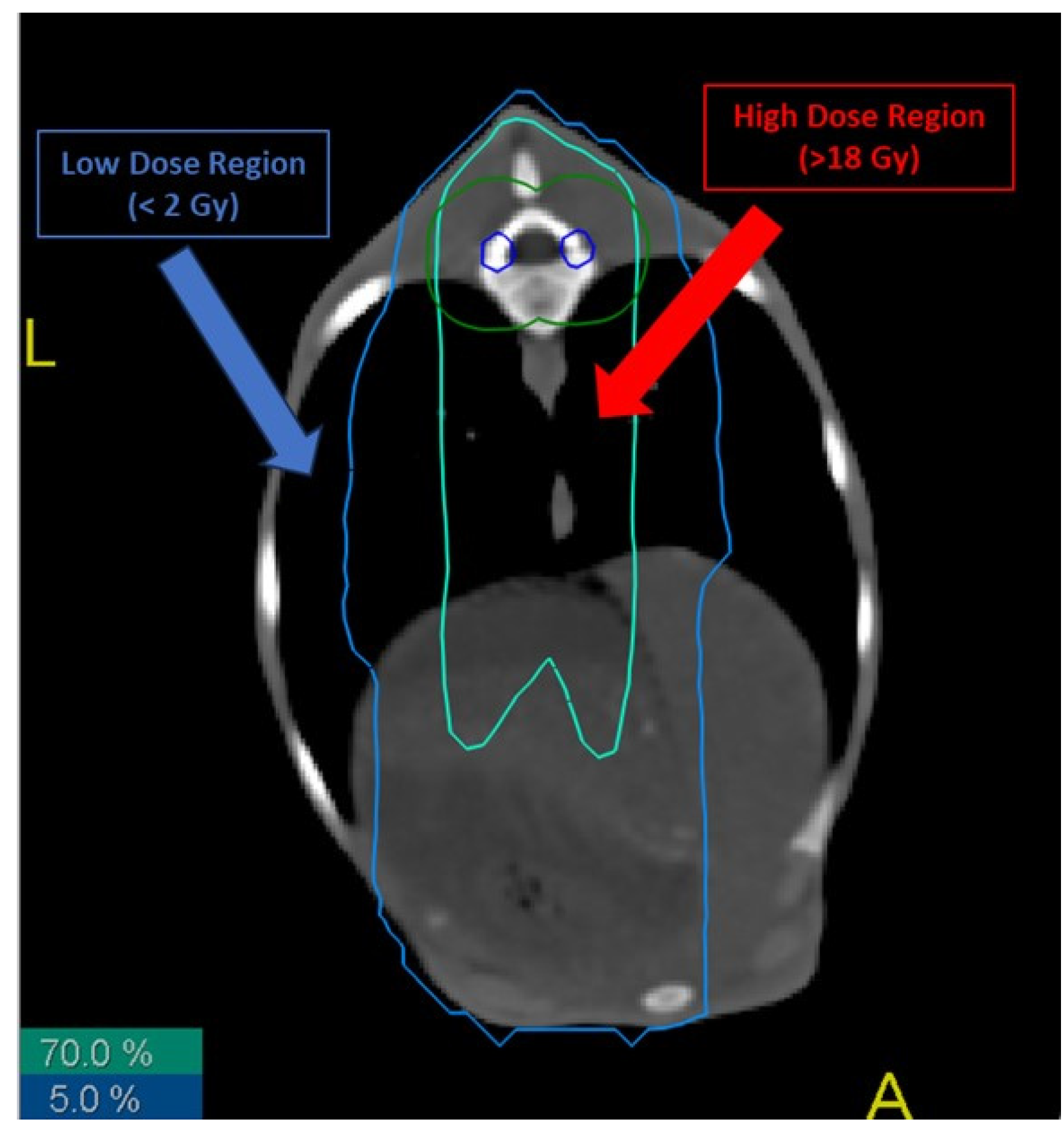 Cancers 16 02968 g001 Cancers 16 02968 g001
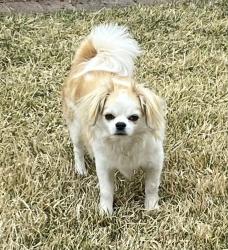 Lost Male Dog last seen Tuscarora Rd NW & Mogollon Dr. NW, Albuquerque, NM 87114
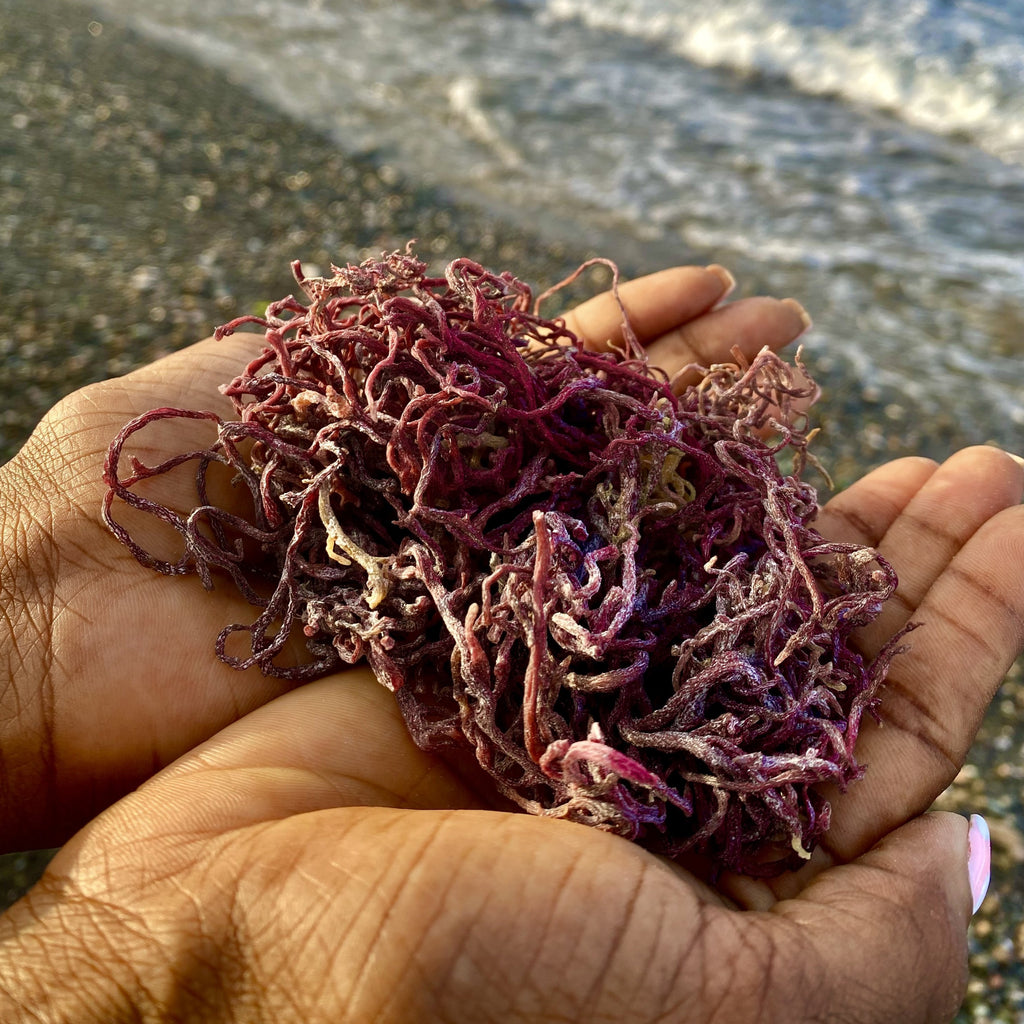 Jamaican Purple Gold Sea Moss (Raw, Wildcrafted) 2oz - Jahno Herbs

Required action
Retype only the lines above from the one with "Lost Male Dog" through the last, both ends included, keeping every picture out of the copy.

Exercise response
 Lost Male Dog last seen Tuscarora Rd NW & Mogollon Dr. NW, Albuquerque, NM 87114
 Jamaican Purple Gold Sea Moss (Raw, Wildcrafted) 2oz - Jahno Herbs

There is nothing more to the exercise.